Chazelle has fashioned not only a riveting study of a young man’s struggle as a musician and the tough decisions he has to make if he is to have a chance at success, but also a visually stunning piece of filmmaking that weds rich colors and beautiful lighting with dynamic editing. One scene also appeared in the eponymous short film that first showcased his talents at the 2013 Sundance Film Festival, where it received the Short Film Jury Award for U.S. Fiction, and it is to Chazelle’s credit that there is equally palpable, overbearing tension in both versions.
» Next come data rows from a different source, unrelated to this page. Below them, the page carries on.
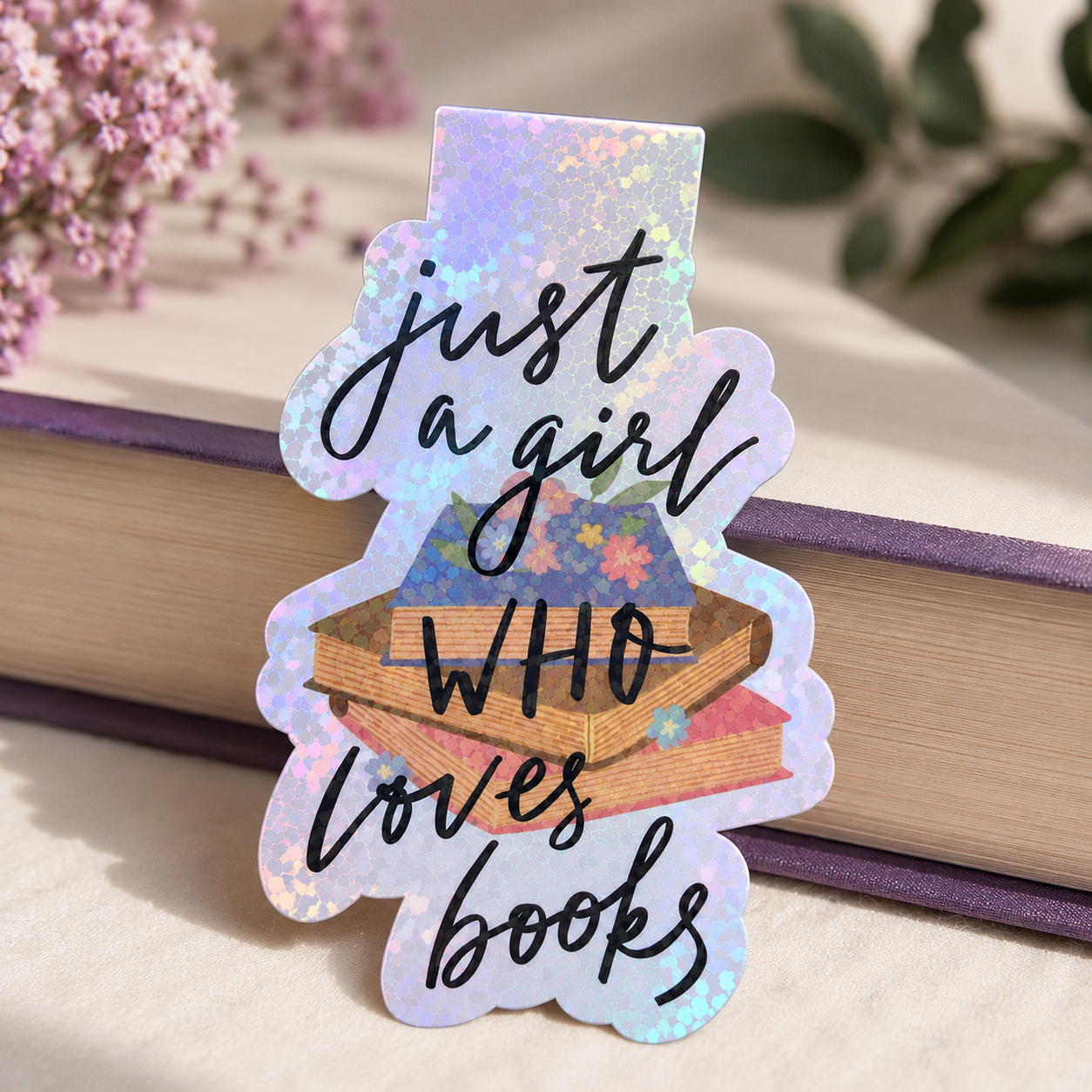 Just A Girl Who Love Books Holographic Magnetic Bookmark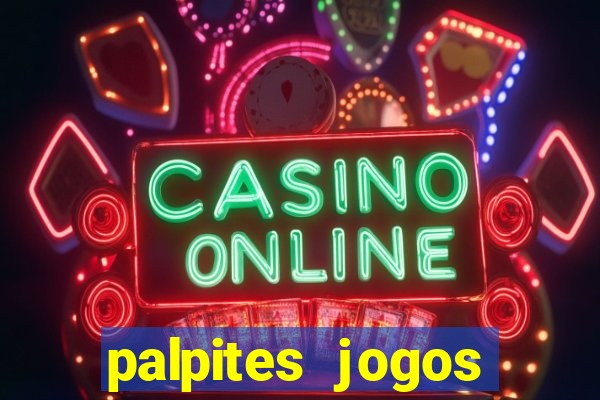 palpites jogos quarta feira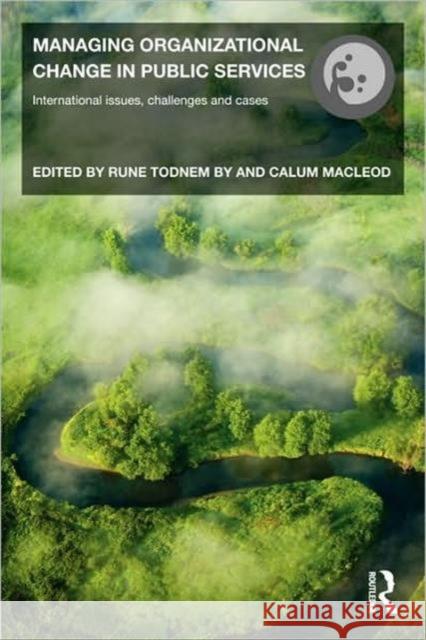 Managing Organizational Change in Public Services: International Issues, Challenges and Cases By, Rune Todnem 9780415467599 Taylor & Francis - książka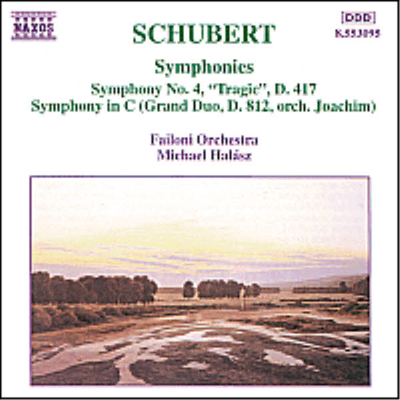 슈베르트 : 교향곡 4번 &#39;비극적&#39;, C장조 교향곡 (Schubert : Symphony No.4 D.417 &#39;Tragic&#39;, Symphony In C Major)(CD) - Michael Halasz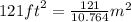 121 {ft}^{2}  =  \frac{121}{10.764}  {m}^{2}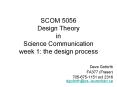 SCOM 5056 Design Theory in Science Communication week 1: the design process PowerPoint PPT Presentation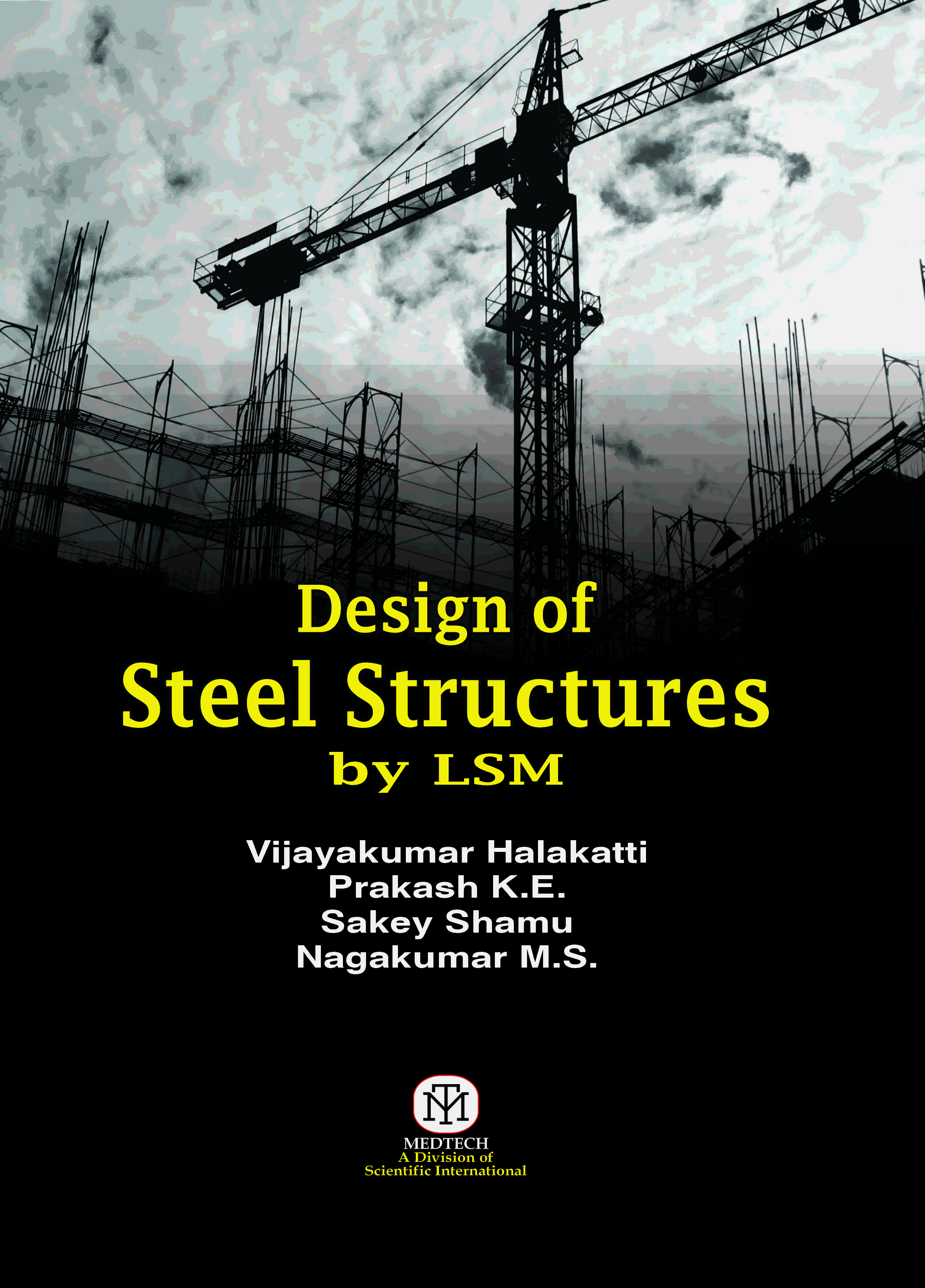 DESIGN OF STEEL STRUCTURES BY LSM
Neimann remains inscrutable for a large part of the film. We see him spending time watching Rififi at the movies with his father, a high-school English teacher who wants his son to be happy but also wants him to have greater certainty of stability on the horizon. They are still close, but when the authoritative (and authoritarian) Fletcher takes an interest in Neimann’s talents, even when he treats him like dirt and hurls homophobic, anti-Semitic and many other kinds of slurs at him, the boy is ready to take almost any psychological abuse in order to reach the top. When he matter-of-factly dumps his girlfriend because he can’t foresee a future that has space for both his music and her, we get a queasy feeling he might be willing to risk everything in the name of being a drummer worthy of Fletcher’s faint praise.
The rehearsal room at the school is the setting for blood, sweat and tears – all of which Neimann spills at one point or another on his way to focusing on his craft with dedication that requires equal measures narcissism and lunacy, and in this regard at least Fletcher serves as a role model. The feared conductor doesn’t just put his students through their paces. No, that would be too easy. He puts them through a meat grinder, but those who survive the initial hazing are still not safe but only as good as their last chord.
For all its commitment and focus, the story does veer off the rails into far less credible territory in its final moments. The climactic scene is staged with great passion and a sense of showmanship for the director that is entirely effective, but there are numerous things that don’t make much sense in retrospect. Regardless of its credibility, however, the tension and the terror the situation elicits in the viewer are so acute that some might find the material difficult to watch. And although he is only 19 years old, Neimann seems terribly naïve and is always surprised when his mentor abuses him over and over again.
Be careful what you wish for, Chazelle suggests. No pain, no gain. He strikes a wonderful balance between tragedy and comedy, even in his visuals: The opening scenes are filled with push-ins that are simultaneously hilarious by virtue of their sheer quantity and creepy because we don’t know whether they represent a looming danger.
Simmons plays one of the most unforgettable bullies in recent memory, a truly odious disciplinarian who feels no regret and believes he is doing the world a service by pushing people to their limits. When his perceived sadism dovetails with the masochism of a student willing to sacrifice himself for the sake of his art, that may very well be where a master is born, but signing a contract with the devil has its downsides. The impressionable Neimann is proud of his bruises, because he thinks it makes him stronger and more resistant on his path to greatness, but whether he will ever get there remains an open question.
But there can be no question that Whiplash is evidence of a great talent. Despite a weak narrative in the final act, the film is captivating as it traces the claustrophobia of a young man’s determined struggle to prove himself. The 29-year-old Chazelle doesn’t have much to worry about: He has already proved he is a force to be reckoned with.